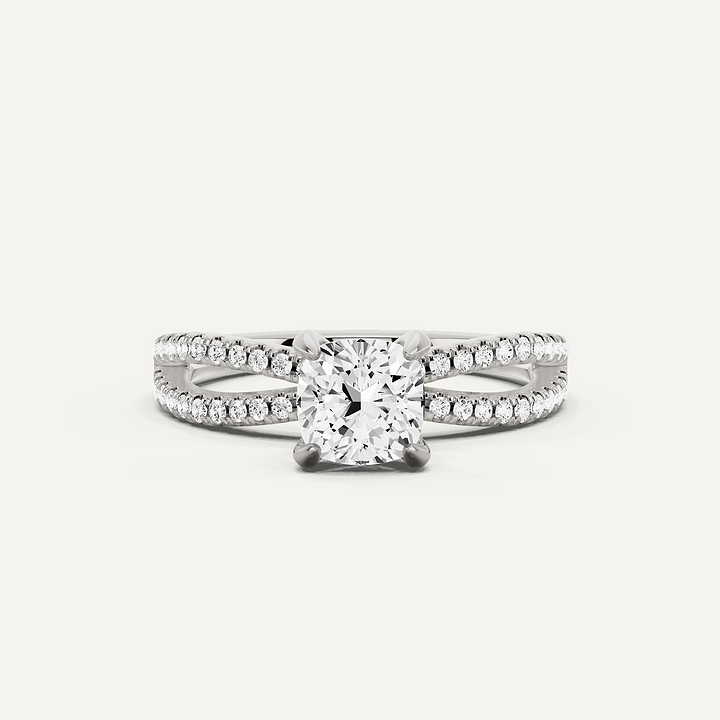 _main_image@SKU:R4118-NADC00750004W #metal_14k-white-gold+origin_lab-grown+quality_ef-vs2+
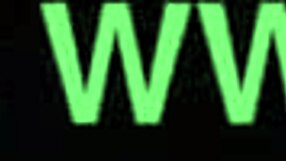 I Love Masturbating As A Wet Whore With Toys!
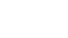 誕生石物語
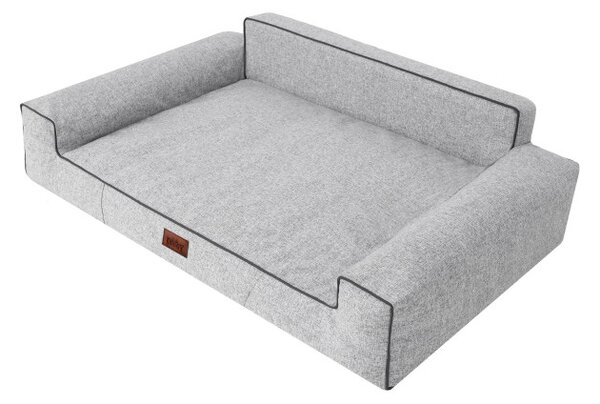 Pelech GLAMOUR NEW L popol, inari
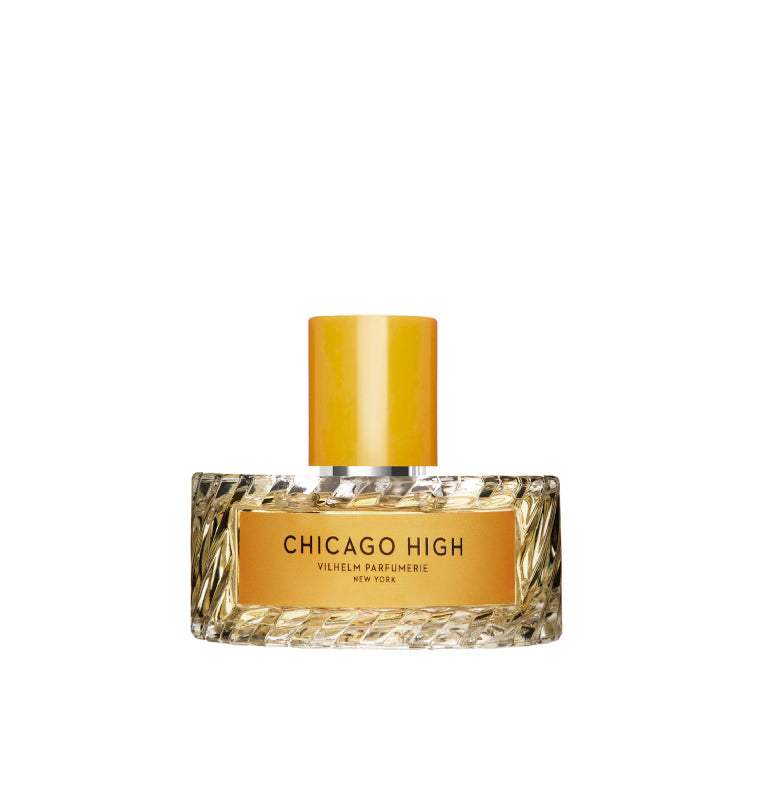 vilhelm-chicago-hugh-eau-de-parfum-100-ml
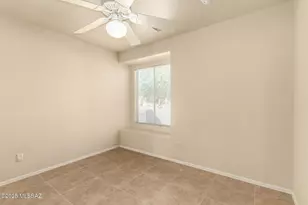 5575 W Durham Hills St, Marana, AZ 85658 - Photo 24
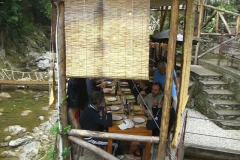 2010-LidoDiCamaiore-1279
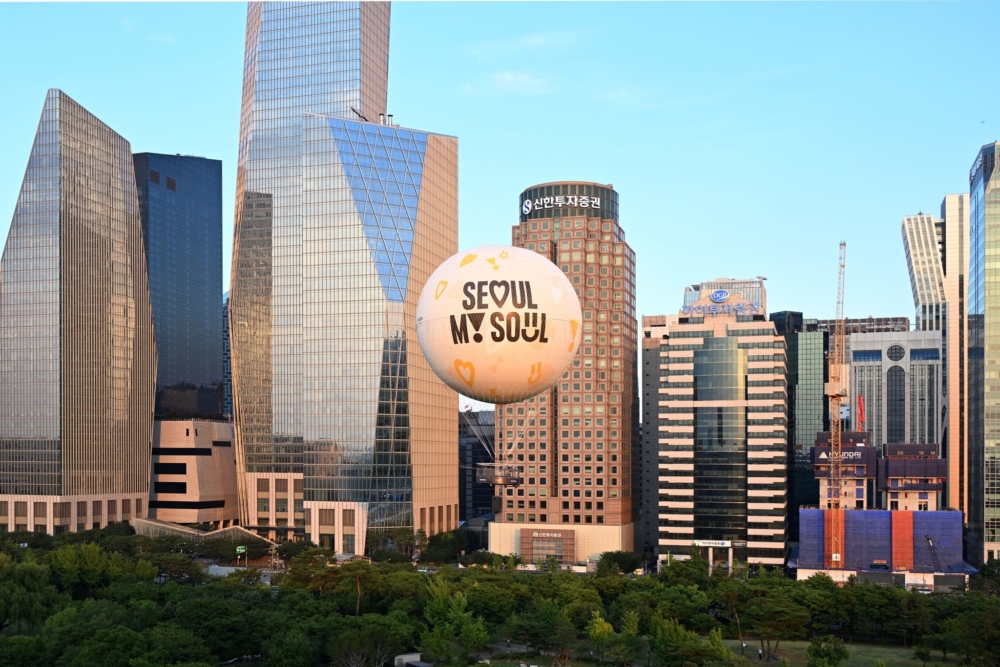 目前各大香港旅行社就有向媒體表示,旅行團在韓國暫時未見大影響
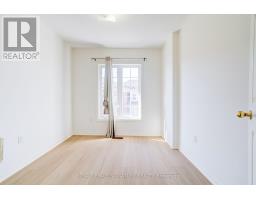 67 Prince Charles Way, Markham, ON L6C0B4 Photo 42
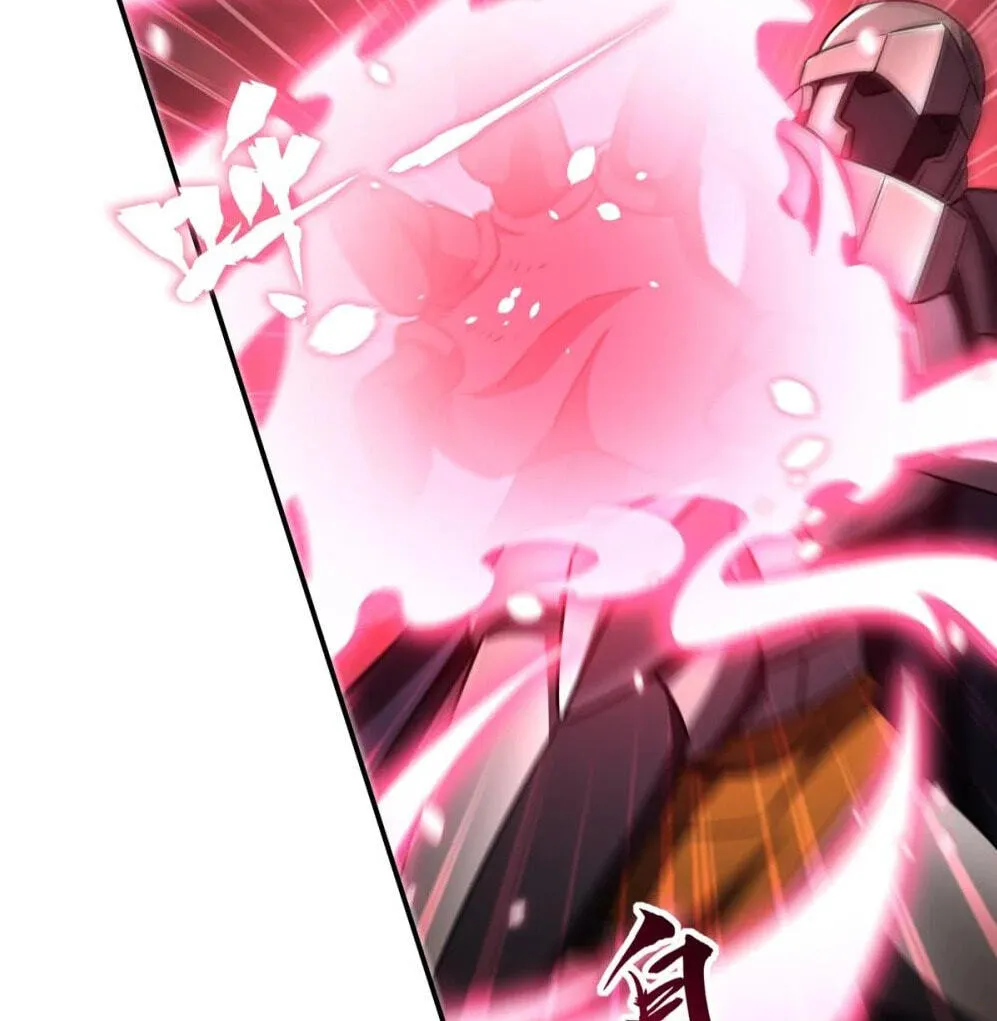 Read Vampires and Knight chapter 328 image 18 on Lezhin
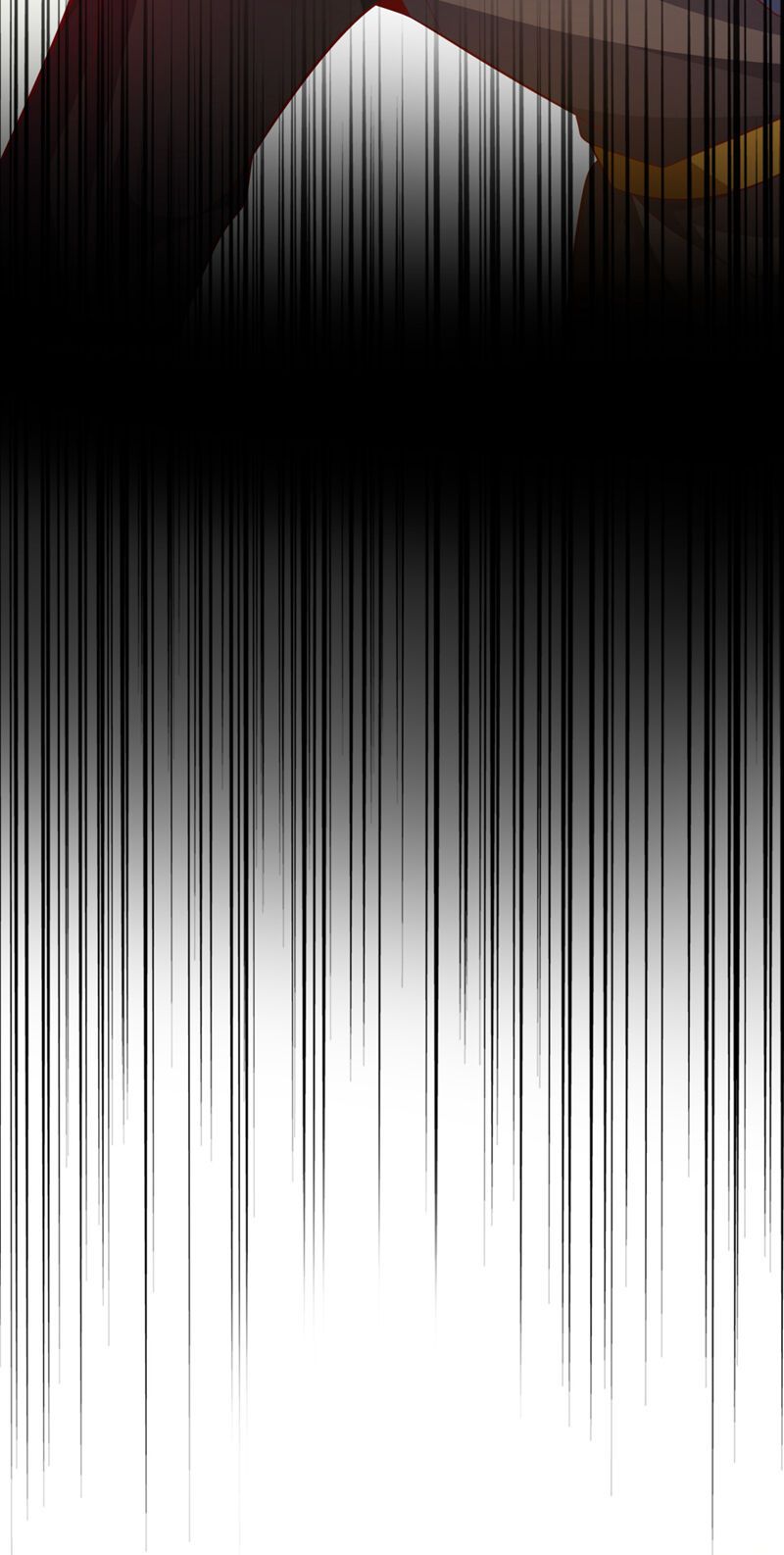 đọc truyện Võ Nghịch Chương 492 ảnh 20 tại Thiên Thai Truyện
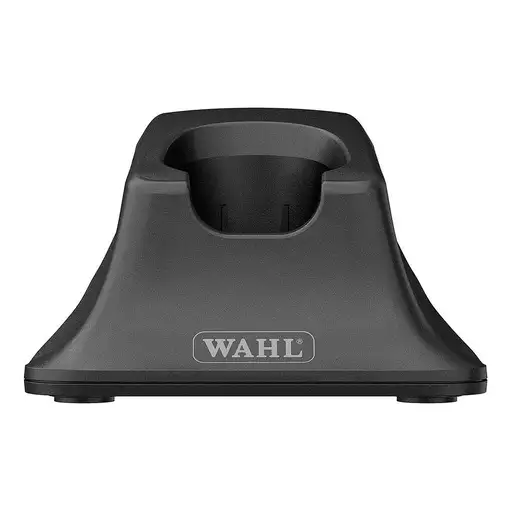 Wahl Genio Negro Ión de litio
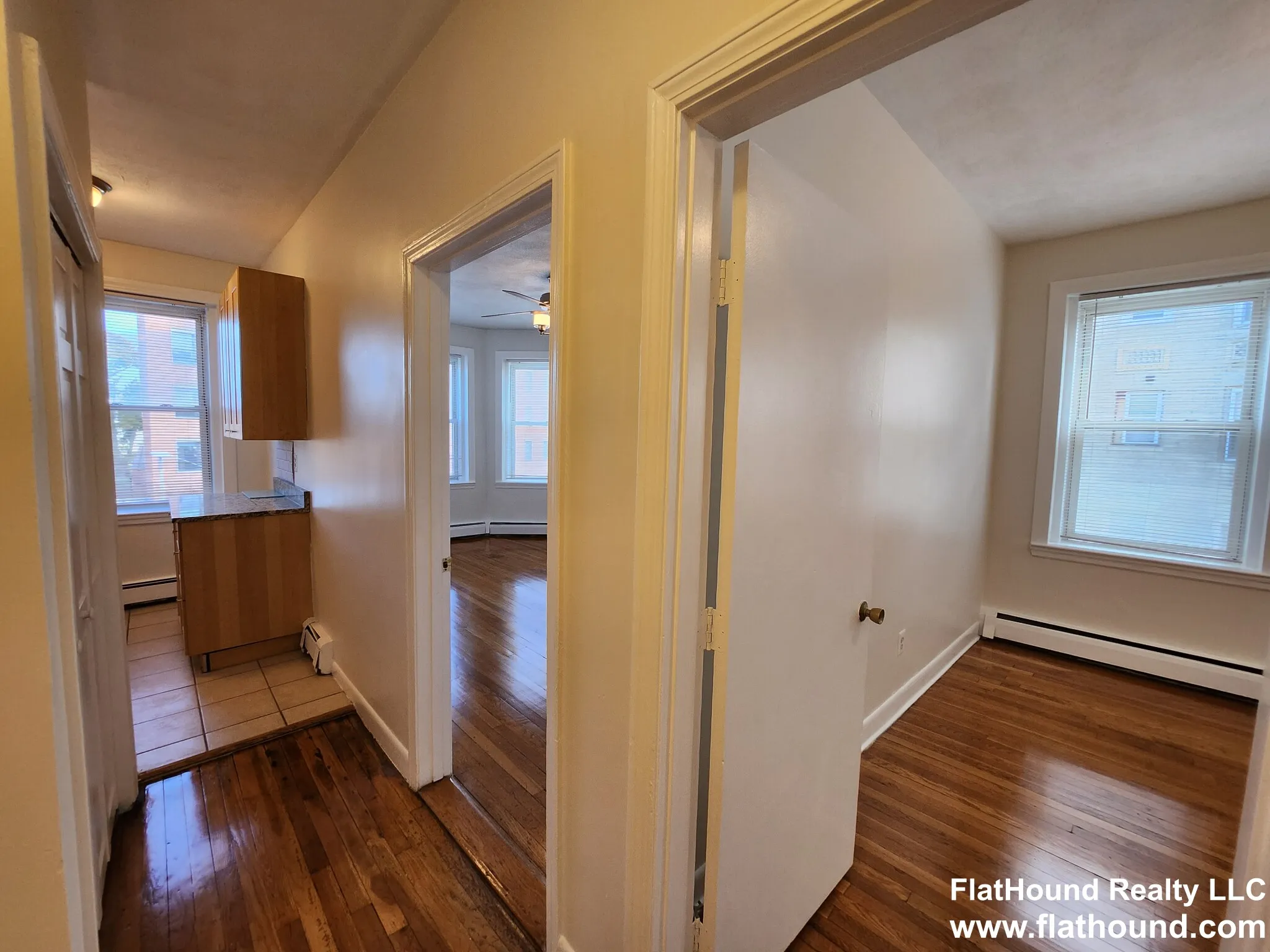 56 Brighton Ave, Brighton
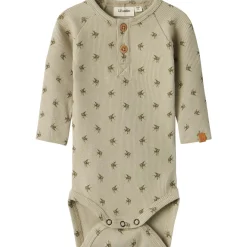 Hot Nbmgago body, Moss Gray Bodyer Baby Jente | Bodyer Baby Gutt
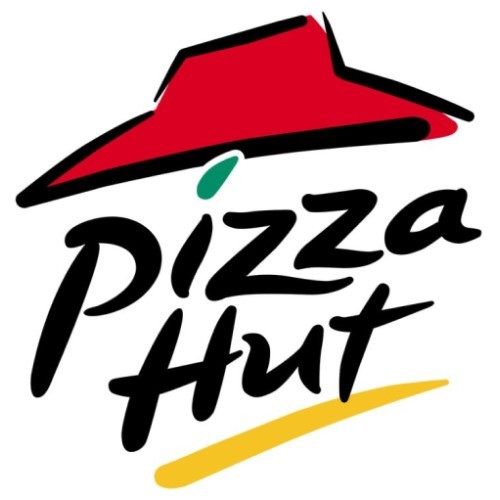 Сервис Pizza Hut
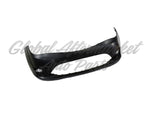 BUMPER FR PRIMED W/FOG LAMP W/O SENSOR EXCLUDE L/LX CAPA — photo 3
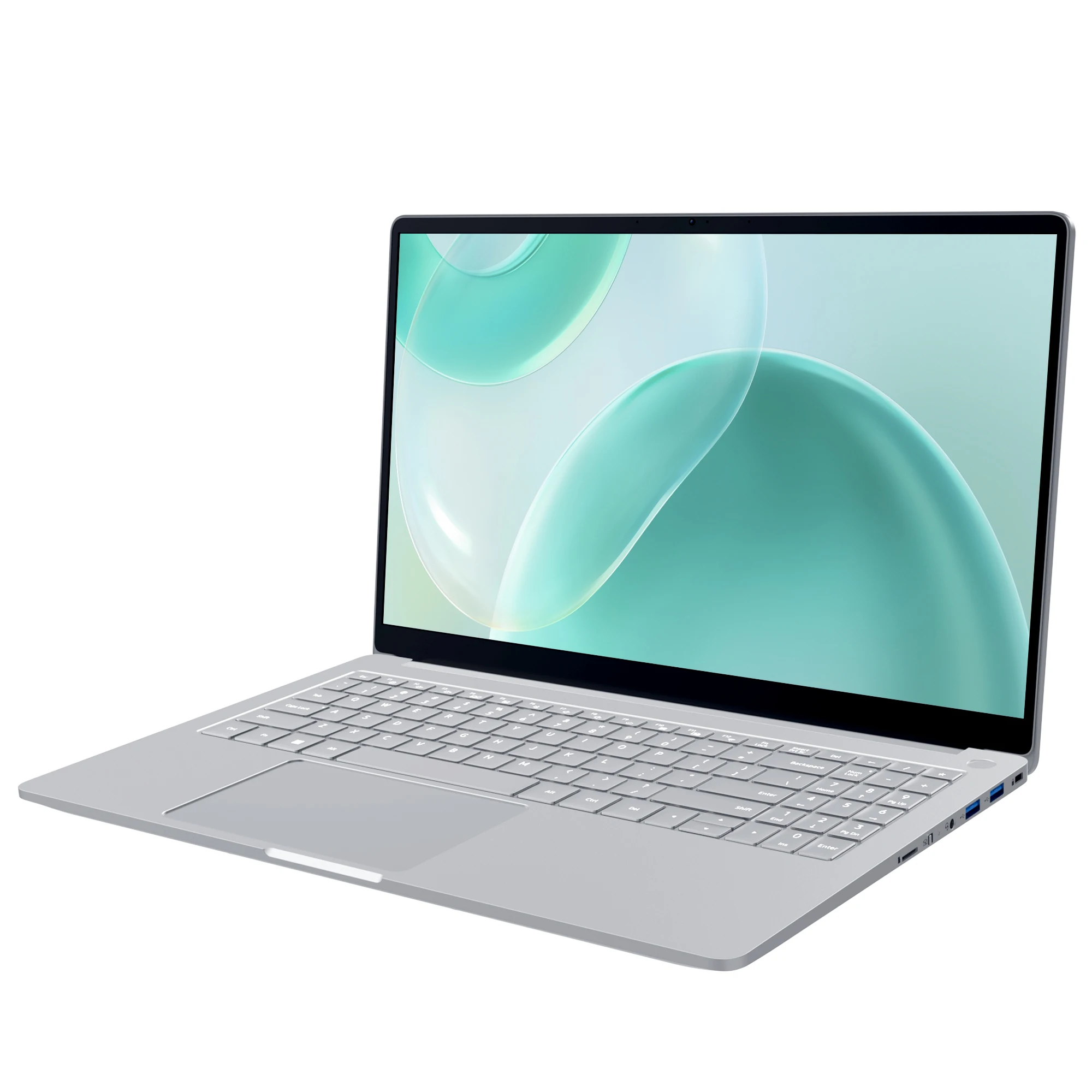 H9cf39437c76442dc91e023aa1367d3edw.webp H9cf39437c76442dc91e023aa1367d3edw.webp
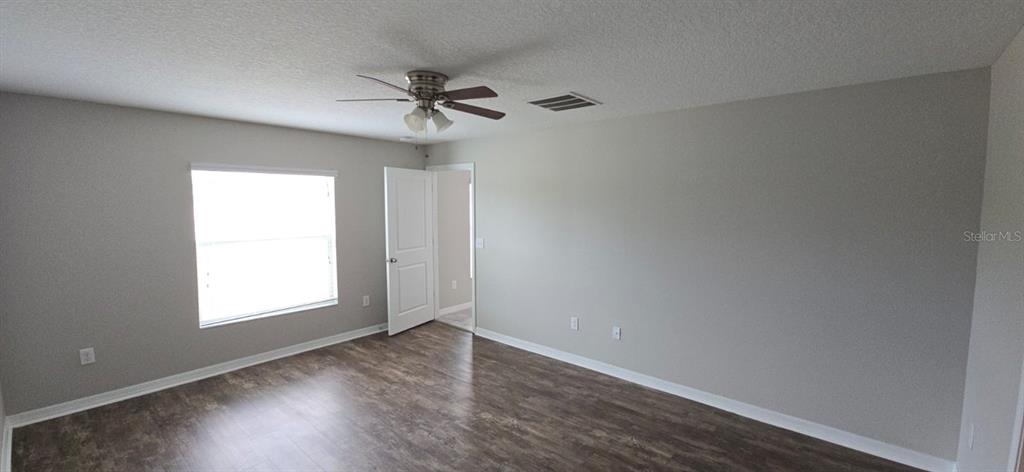 2216 4th Street Southwest Ruskin, FL 33570 - Photo 19 of 27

------------------------------

* Exercise goal: Transcribe every line of the records exactly. Pictures do not belong in the copy.

* Exercise solution:
 _main_image@SKU:R4118-NADC00750004W #metal_14k-white-gold+origin_lab-grown+quality_ef-vs2+
 I Love Masturbating As A Wet Whore With Toys!
 誕生石物語
 Pelech GLAMOUR NEW L popol, inari
 vilhelm-chicago-hugh-eau-de-parfum-100-ml
 5575 W Durham Hills St, Marana, AZ 85658 - Photo 24
 2010-LidoDiCamaiore-1279
 目前各大香港旅行社就有向媒體表示,旅行團在韓國暫時未見大影響
 67 Prince Charles Way, Markham, ON L6C0B4 Photo 42
 Read Vampires and Knight chapter 328 image 18 on Lezhin
 đọc truyện Võ Nghịch Chương 492 ảnh 20 tại Thiên Thai Truyện
 Wahl Genio Negro Ión de litio
 56 Brighton Ave, Brighton
 Hot Nbmgago body, Moss Gray Bodyer Baby Jente | Bodyer Baby Gutt
 Сервис Pizza Hut
 BUMPER FR PRIMED W/FOG LAMP W/O SENSOR EXCLUDE L/LX CAPA — photo 3
 H9cf39437c76442dc91e023aa1367d3edw.webp H9cf39437c76442dc91e023aa1367d3edw.webp
 2216 4th Street Southwest Ruskin, FL 33570 - Photo 19 of 27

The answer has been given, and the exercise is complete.